Sonya and Isaac are in motorboats located at the center of a lake. At time t = 0, Sonya begins traveling south at a speed of 32 mph. At the same time Isaac takes off, heading east at 27 mph. How far have they traveled after 12 minutes?

Jul 7, 2017

They have travelled $6.4 \mathmr{and} 5.4$ miles resp

and are then $8.4$ miles apart.

Explanation:

First find the distance travelled Sonya in $12$ minutes

$32 \cdot 12 \cdot \frac{1}{60} = 6.4$ miles from the centre of the lake.

Then find the distance travelled by Isaac in $12$ minutes
$27 \cdot 12 \cdot \frac{1}{60} = 5.4$ miles from the centre of the lake

To find the distance between Sonya and Isaac, we can apply the Pythagorean theorem as the angle between them is 90°

Distance between them:

$d = \sqrt{{6.4}^{2} + {5.4}^{2}} = \sqrt{70.12}$

$d \approx 8.4$ miles

Jul 7, 2017

Sonya: $6.4$ miles

Isaac: $5.4$ miles

Explanation:

$\text{distance" = "speed"xx"time}$

The speeds are given in mph so the time needs to be in hours.
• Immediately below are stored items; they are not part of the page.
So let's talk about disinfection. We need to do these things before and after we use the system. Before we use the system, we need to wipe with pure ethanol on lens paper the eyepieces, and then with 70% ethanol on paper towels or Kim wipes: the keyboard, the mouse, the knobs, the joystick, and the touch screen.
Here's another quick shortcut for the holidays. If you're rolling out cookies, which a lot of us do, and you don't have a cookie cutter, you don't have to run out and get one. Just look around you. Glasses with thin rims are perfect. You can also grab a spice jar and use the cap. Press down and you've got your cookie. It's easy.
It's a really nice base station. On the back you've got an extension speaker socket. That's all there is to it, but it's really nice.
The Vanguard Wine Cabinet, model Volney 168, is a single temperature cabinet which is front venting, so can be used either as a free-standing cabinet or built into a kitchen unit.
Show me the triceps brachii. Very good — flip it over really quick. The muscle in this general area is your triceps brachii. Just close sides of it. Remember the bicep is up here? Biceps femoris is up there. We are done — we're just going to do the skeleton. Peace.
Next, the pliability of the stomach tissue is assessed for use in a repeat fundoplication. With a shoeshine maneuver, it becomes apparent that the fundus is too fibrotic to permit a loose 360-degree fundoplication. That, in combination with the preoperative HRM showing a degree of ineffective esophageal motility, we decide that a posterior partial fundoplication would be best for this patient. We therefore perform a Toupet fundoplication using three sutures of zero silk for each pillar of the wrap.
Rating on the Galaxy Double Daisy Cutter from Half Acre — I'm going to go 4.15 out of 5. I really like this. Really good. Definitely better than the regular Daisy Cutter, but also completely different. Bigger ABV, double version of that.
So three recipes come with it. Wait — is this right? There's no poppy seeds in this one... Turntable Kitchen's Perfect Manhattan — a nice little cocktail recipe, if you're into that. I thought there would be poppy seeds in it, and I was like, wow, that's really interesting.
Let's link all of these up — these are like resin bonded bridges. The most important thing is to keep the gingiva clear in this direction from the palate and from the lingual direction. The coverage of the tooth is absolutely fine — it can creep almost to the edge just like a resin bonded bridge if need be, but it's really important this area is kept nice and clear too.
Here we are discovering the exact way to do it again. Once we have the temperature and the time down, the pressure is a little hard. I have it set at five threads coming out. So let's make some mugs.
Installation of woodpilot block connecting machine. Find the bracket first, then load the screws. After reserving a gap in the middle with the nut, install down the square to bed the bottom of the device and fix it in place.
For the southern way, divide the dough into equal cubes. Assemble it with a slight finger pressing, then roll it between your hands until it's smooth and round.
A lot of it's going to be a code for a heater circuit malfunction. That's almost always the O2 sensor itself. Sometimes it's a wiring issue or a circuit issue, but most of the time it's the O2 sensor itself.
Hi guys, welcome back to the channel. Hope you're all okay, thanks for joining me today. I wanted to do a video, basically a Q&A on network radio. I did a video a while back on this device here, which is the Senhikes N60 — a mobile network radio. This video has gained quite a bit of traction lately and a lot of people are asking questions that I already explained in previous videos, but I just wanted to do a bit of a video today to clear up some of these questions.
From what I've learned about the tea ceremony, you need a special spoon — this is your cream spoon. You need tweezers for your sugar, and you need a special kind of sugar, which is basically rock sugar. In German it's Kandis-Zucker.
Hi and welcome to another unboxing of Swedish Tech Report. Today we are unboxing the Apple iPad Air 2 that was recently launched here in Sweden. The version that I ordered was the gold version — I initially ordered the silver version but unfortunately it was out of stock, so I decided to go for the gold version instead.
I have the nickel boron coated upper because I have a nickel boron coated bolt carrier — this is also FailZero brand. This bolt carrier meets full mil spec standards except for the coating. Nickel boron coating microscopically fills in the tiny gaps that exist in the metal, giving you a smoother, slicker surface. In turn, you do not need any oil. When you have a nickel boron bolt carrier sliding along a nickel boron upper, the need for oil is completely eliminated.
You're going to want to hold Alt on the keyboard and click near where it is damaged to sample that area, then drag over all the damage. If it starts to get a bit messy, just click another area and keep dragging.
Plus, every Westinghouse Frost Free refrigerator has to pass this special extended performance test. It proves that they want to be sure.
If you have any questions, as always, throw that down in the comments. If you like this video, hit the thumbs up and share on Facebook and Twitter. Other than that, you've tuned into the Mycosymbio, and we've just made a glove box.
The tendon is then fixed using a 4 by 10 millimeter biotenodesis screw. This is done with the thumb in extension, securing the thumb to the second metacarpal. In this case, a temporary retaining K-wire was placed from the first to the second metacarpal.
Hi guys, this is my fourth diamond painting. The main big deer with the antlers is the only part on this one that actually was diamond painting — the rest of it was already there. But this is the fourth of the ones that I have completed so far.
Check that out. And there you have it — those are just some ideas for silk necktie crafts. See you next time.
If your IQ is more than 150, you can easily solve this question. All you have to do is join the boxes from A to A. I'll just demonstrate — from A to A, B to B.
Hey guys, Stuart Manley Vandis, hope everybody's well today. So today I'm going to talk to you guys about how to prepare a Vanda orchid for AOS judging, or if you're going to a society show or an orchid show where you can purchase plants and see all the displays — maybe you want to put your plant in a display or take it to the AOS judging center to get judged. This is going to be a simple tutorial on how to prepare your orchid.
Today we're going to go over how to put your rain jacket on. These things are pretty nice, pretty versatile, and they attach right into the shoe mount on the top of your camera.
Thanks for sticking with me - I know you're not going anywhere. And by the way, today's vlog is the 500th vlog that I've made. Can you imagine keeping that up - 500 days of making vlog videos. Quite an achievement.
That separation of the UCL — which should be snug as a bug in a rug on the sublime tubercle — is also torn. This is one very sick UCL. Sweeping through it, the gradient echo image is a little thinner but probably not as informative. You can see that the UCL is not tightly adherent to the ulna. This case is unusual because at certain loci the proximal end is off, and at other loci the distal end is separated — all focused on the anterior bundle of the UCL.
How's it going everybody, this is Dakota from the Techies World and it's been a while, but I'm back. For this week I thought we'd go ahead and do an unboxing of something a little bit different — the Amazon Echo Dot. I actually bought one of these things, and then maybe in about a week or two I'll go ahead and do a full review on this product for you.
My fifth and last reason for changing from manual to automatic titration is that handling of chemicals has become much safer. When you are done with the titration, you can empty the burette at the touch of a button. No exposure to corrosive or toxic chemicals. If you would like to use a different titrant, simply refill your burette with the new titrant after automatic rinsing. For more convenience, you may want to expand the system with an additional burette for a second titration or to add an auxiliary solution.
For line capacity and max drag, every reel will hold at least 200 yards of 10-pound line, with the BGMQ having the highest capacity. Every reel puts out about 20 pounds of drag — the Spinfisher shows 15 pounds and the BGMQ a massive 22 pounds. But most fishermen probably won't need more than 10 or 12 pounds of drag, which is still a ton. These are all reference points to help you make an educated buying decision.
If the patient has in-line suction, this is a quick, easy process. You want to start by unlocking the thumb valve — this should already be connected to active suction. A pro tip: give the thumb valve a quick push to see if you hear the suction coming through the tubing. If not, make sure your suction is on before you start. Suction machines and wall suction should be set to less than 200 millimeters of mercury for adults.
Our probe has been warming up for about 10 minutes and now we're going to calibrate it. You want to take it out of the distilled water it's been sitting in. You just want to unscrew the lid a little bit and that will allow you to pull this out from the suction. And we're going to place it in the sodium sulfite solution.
$12 \min = \frac{12}{60} h o u r = \frac{1}{5} h o u r$

Sonya:
$\text{distance} = 32 m p h \times \frac{1}{5} h$

$= 6 \frac{2}{5} = 6.4$ miles

Isaac:
$\text{distance} = 27 m p h \times \frac{1}{5} h$

$= 5 \frac{2}{5} = 5.4$ miles

Take note of the units:

$m p h \times h = \frac{m}{\cancel{h}} \times \cancel{h}$

$= m$ (miles)